L'arcivescovo di Kirkuk ricorda i 1600 anni del massacro dei martiri iracheni
Da 1600 anni l’Iraq è “un Paese di martiri”, che trova nello “Spirito Santo e nell’Eucaristia”
la forza di “testimoniare la fede” nonostante le persecuzioni. È quanto dichiara ad
AsiaNews mons. Louis Sako, arcivescovo di Kirkuk, alla vigilia della settimana di
celebrazioni per ricordare i 1600 anni dal massacro dei martiri irakeni. Una lunga
serie passata e presente di violenze, che non hanno però interrotto “la storia sacra
dei cristiani… e il loro cammino”. Nel 409 d. C. centinaia di cristiani sono stati
decapitati per la loro fede. “Fra loro – racconta mons.

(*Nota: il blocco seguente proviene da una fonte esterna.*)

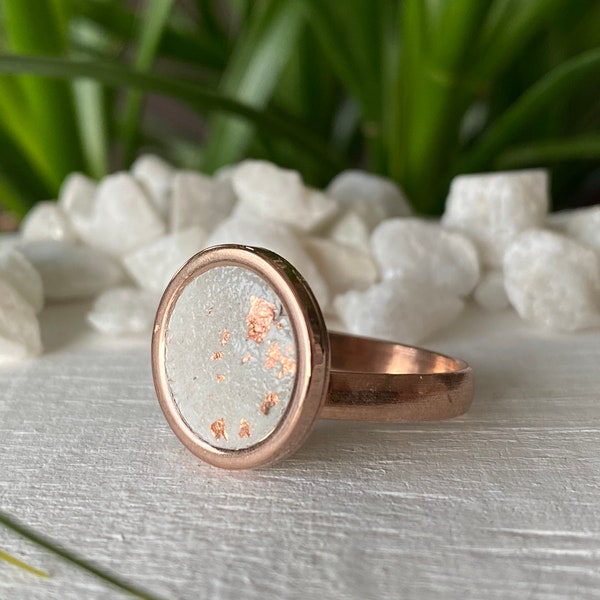 Beton Ring Rosegold Edelstahl mit 24 Karat Blattgold größenverstellbar, Boho Ethno Ring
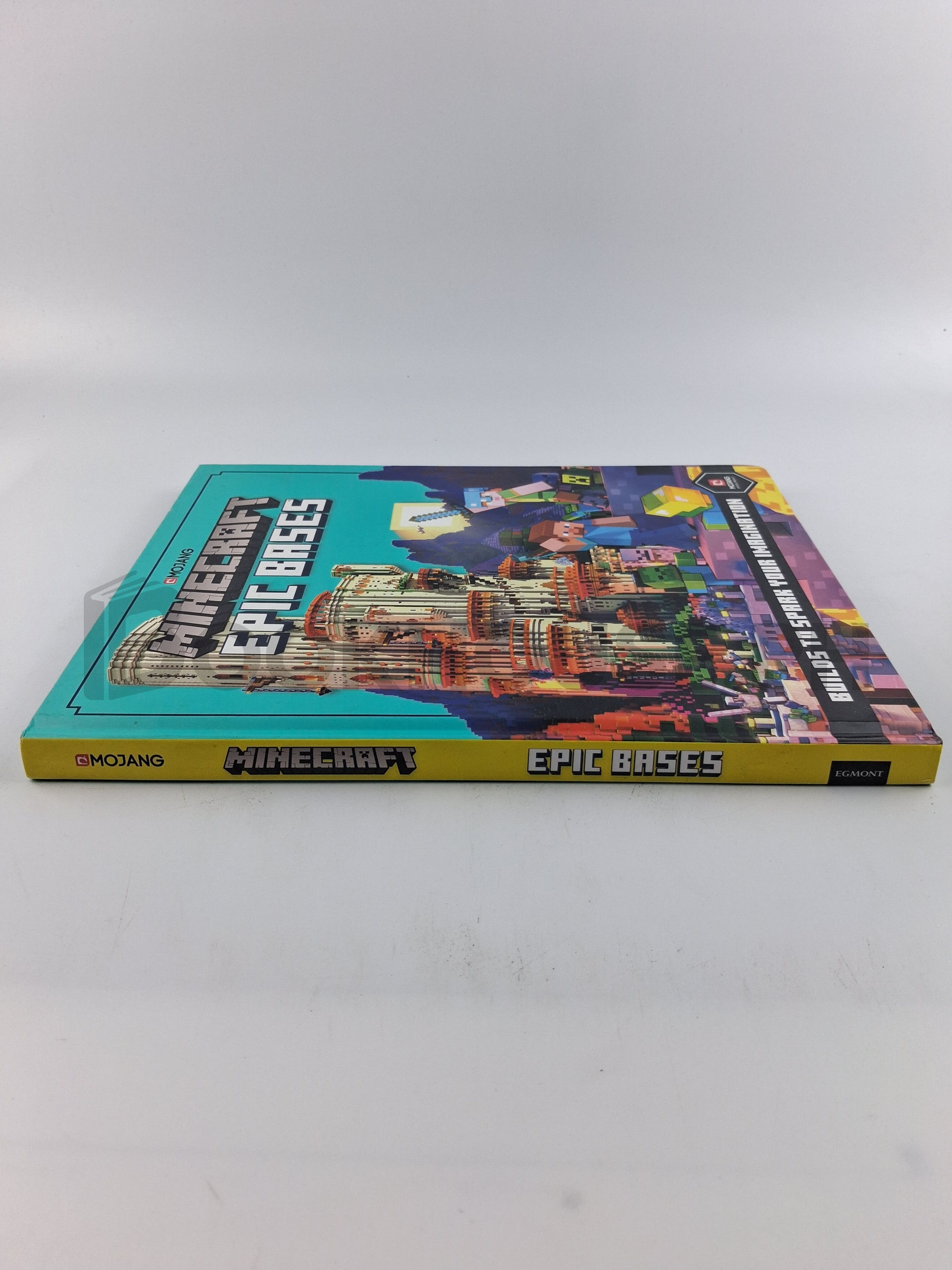 Minecraft Epic Bases by Mojang Ab, Thomas Mcbrien - Image 3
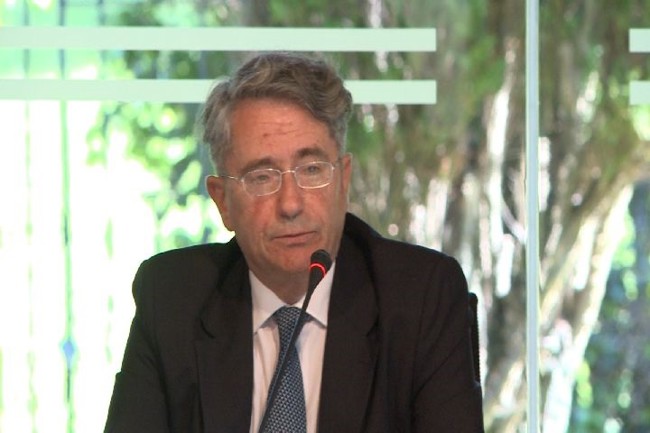 El presidente de Petronor dice que, a día de hoy, no se compraría un vehículo eléctrico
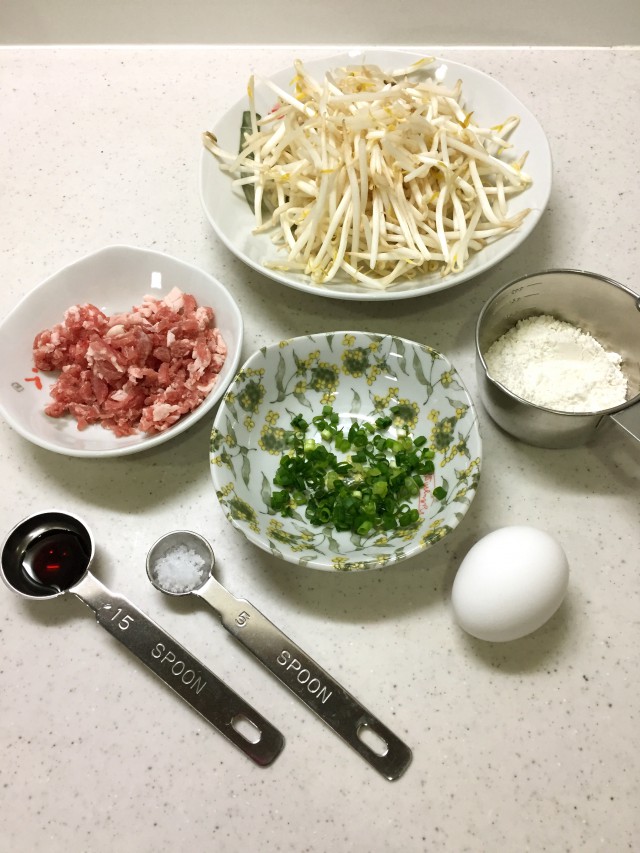 シンプルおつまみ！もやしお焼きの材料イメージ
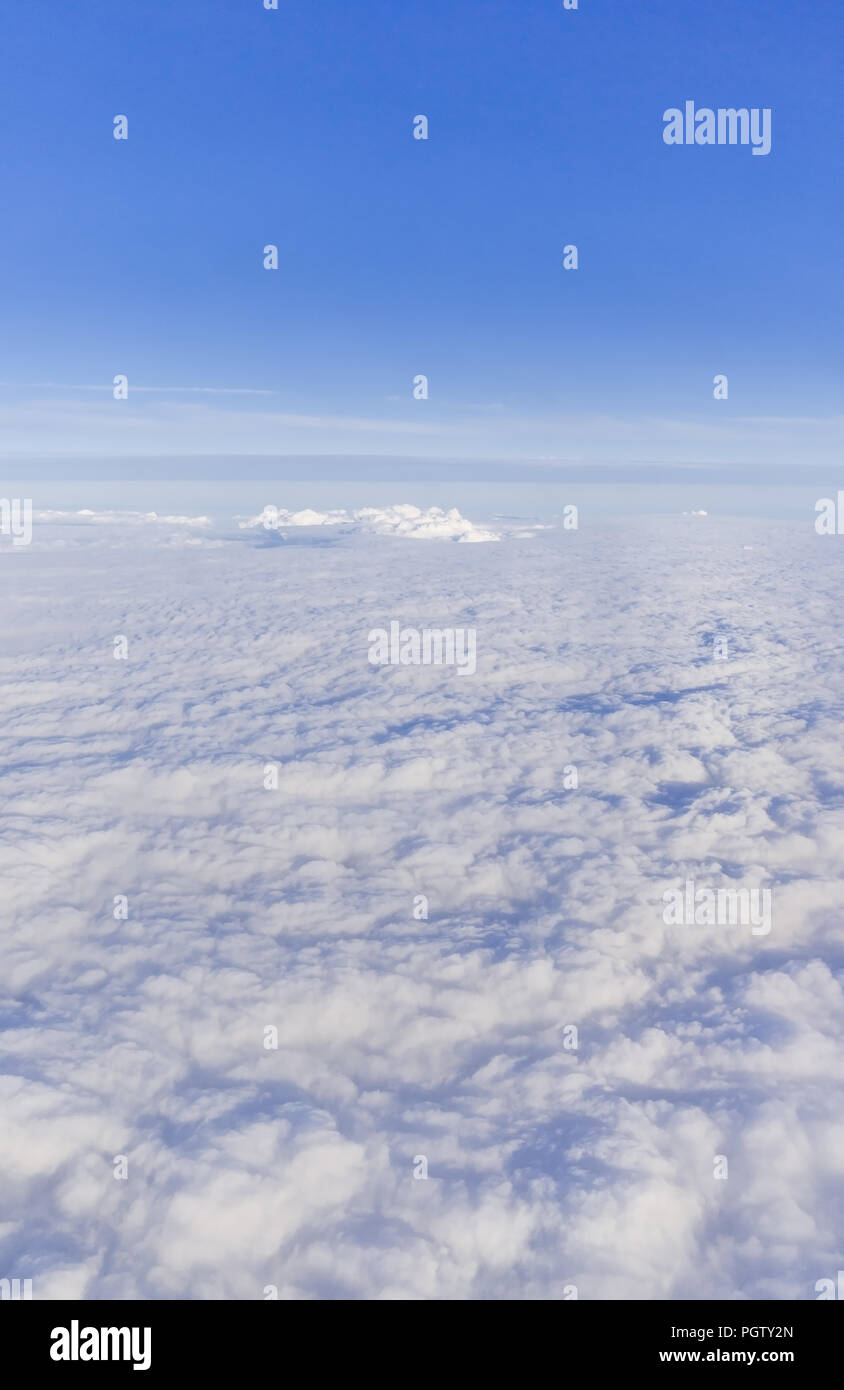 Über den Wolken Stockfoto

Sako – una vedova chiamata
Scirin-Miskenta, con due figli, e il generale Tahmazgerd, che ha eseguito il decreto
del re”, il quale aveva ordinato il massacro. “Vedendo la fede, la serenità e la fiducia
della vedova – continua il prelato – Tahmzgerd si è convertito al cristianesimo” e
per questo è stato “decapitato in seguito”. Verso il 470, per ricordare il massacro
dei cristiani, il vescovo di Kirkuk Maruta “ha costruito un santuario” sulla collina
in cui “sono stati sepolti i martiri”. La "chiesa Rossa", questo il nome dell’edificio,
unisce cristiani e musulmani ed è oggi “il cimitero dei caldei”; le reliquie dei martiri,
esposte sull’altare principale, sono da sempre meta di processioni dei fedeli. Per
celebrare l’anniversario del martirio, la diocesi ha organizzato una serie di eventi:
domani, mercoledì, una giornata di digiuno per la pace; giovedì sono in programma
gli inni dei martiri e una conferenza al Santuario, restaurato di recente; venerdì
verrà celebrata la messa; sabato una recita, allestita dalla corale della cattedrale
e della chiesa di San Giuseppe. All’insegna del motto “fedeli ai nostri padri nella
fede”, i cristiani di Kirkuk vogliono “testimoniare la fede, l’amore, la fiducia e
l’apertura”. La storia delle violenze e delle persecuzioni contro i cristiani non
è mai stata interrotta. Rapimenti, sequestri, omicidi mirati, famiglie in fuga sono
la drammatica testimonianza di una “catena di martiri – sottolinea mons. Sako – che
continua. Il nostro Paese è disseminato di santuari dei martiri che la gente visita
senza sosta, è una spiritualità del martirio”. I cristiani trovano la forza di “rimanere
fedeli” nello “Spirito Santo, ma anche nella liturgia, soprattutto l’Eucaristia”.